LIBOR Posted December 14, 2004 Posted December 14, 2004 On the Formula Change Date 01/01/XX - Old Formula : (2%)(FAE)(Years of Benefit Service) New Formula : (1%)(Career Avg. Pay)(Years of Benefit Service), to be applied Without Wearaway. Given the above which , if any, of the following would define the Projected Benefit under the New Formula for participant A ? 1. (Accrued Benefit on Change Date) + (1%)(Average Pay Over Future Years in Career)(Years of Benefit Service After the Change Date) OR 2. (Accrued Benefit on Change Date) + (1%)(Average Pay Over All Years in Career) ( Years of Benefit Service After the Change Date)
SoCalActuary Posted December 14, 2004 Posted December 14, 2004 Document must be written to define benefit. However, in general, I prefer that career avg benefits be replaced with career accumulation benefits. By this, I mean that the benefit is defined as the prior year benefit plus 1% of the current year pay. Each year, you add a new piece as the participant continues to earn service credits. Therefore, it becomes mathematically similar to choice 1, but without the problem of maintaining the years pay history.

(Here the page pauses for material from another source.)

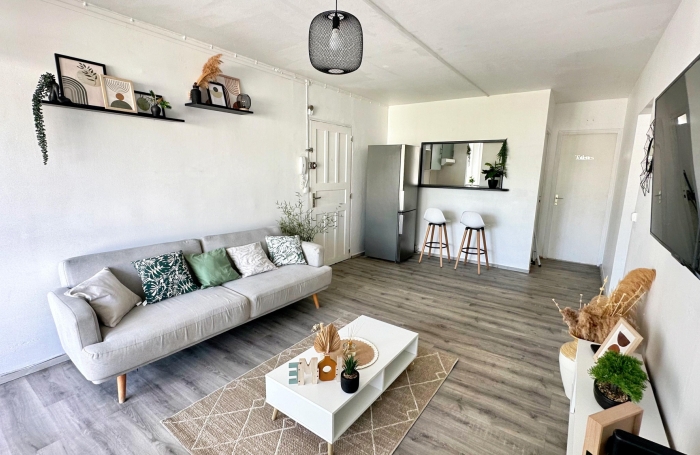 Appartement 3 pi&egrave;ces d'environ 55 m2 meubl&eacute; &eacute;quip&eacute; lou&eacute; &agrave; Dugazon ABYMES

Blinky the 3-eyed Fish Posted December 14, 2004 Posted December 14, 2004 Your document will have a fresh-start date as of 1/1/xx. Your document will define the benefit after the fresh-start date as well as the frozen accrued benefit. We don't have the document to be able to answer your question, although your choice #1 would be most prevalent. SoCal, do you agree that if the compensation definitions are the same in #1 and your version, then the benefits are exactly the same? "What's in the big salad?" "Big lettuce, big carrots, tomatoes like volleyballs."
LIBOR Posted December 14, 2004 Author Posted December 14, 2004 thanks Blinky & SoCal - I agree , the document could be worded either way - what I was looking for was the most prevalent and I think you both affirmed my thinking by leaning towards formula #1. thanks again
SoCalActuary Posted December 14, 2004 Posted December 14, 2004 Blinky - yes the math results in the same benefits, but my experience in keeping accurate career avg pay records says to stay away. Especially for takeover plans, or when picking up the work from the prior year, it is not obvious that the old administrative records are available nor accurate.